The DG noted that Malaria is one of the most important public health concerns in the world.
Adeyeye said the vaccine is indicated for the prevention of clinical malaria in children from 5 months to 36 months of age.
She said the country expects to get at least 100,000 doses of the vaccine in donations soon before the market authorisation will start making other arrangements with the National Primary Health Care Development Agency.
Adeyeye said:”The National Agency for Food and Drug Administration and Control (NAFDAC) in exercising its mandate as stipulated by its enabling law, NAFDAC Act CapN1, LFN 2004 is granting registration approval for R21 Malaria Vaccine (Recombinant, Adjuvanted) manufactured by Serum Institute of India Pvt. Ltd. (SIIPL).
” The Marketing Authorization Holder’s (MAHs) is Fidson Healthcare Ltd in line with the Agency’s Drug and Related Products Registration Regulation 2021.

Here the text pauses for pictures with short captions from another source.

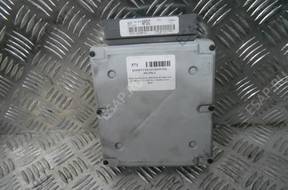 MONDEO MK3 2.0 TDCI БЛОК УПРАВЛЕНИЯ ДВИГАТЕЛЕМ 3S7A12A650VC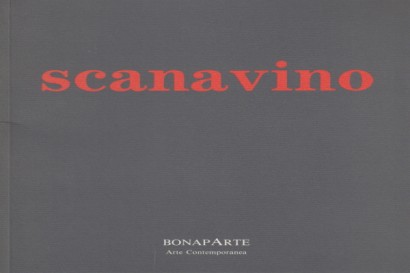 Scanavino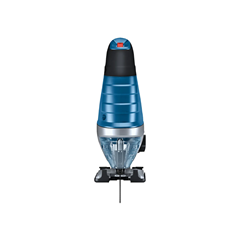Serra Tico-Tico Gst 750 520w - Bosch - 06015b41e0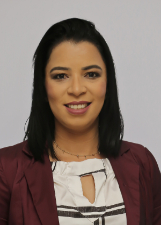 Foto de Rosiane de Oliveira Rocha da Silva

“The R21 Malaria vaccine is an Adjuvanted protein vaccine presented as a sterile solution. A dose which is 0.5ml is composed of R21 Malaria antigen 5µg and Matrix-M1 50µg as an adjuvant filled in a vial as ready to use liquid formulation for intramuscular injection. The vaccine is indicated for prevention of clinical malaria in children from 5 months to 36 months of age. The storage temperature of the vaccine is 2-8 °C.”
She said the dossier was reviewed by NAFDAC’s Vaccine Advisory Committee independently using standards of the World Health Organisation across relevant domains, in addition to the International Council for Harmonisation of Technical Requirements for Pharmaceuticals for Human use guidelines, European Medicines Agency guidelines, scientific rigour on the vaccine and the context of malaria and specifically to Nigeria and best research and manufacturing governance.
“As a matured regulatory agency, it is expected as part of global benchmarking that external advisory committee is in place to advice upon invitation on certain functions of the agency.
“As a new biological molecule that is being given consideration for full registration, the independent review by an external body becomes imperative as a means to further safeguard public health.”
According to her, the R21 malaria vaccine dossier complied substantially with the best international standards with which the dossier was benched-marked.
She said the Joint Review Committee concluded that the data on the R21 Malaria vaccine were robust and met the criteria for efficacy, safety, and quality.
It was also adjudged that the vaccine’s known and potential benefits outweigh its known and potential risks, thereby supporting the manufacturer’s recommended use.
Adeyeye also noted that “A provisional approval of the R21 Malaria Vaccine was recommended, and this shall be done in line with the WHO’s Malaria Vaccine Implementation Guideline.”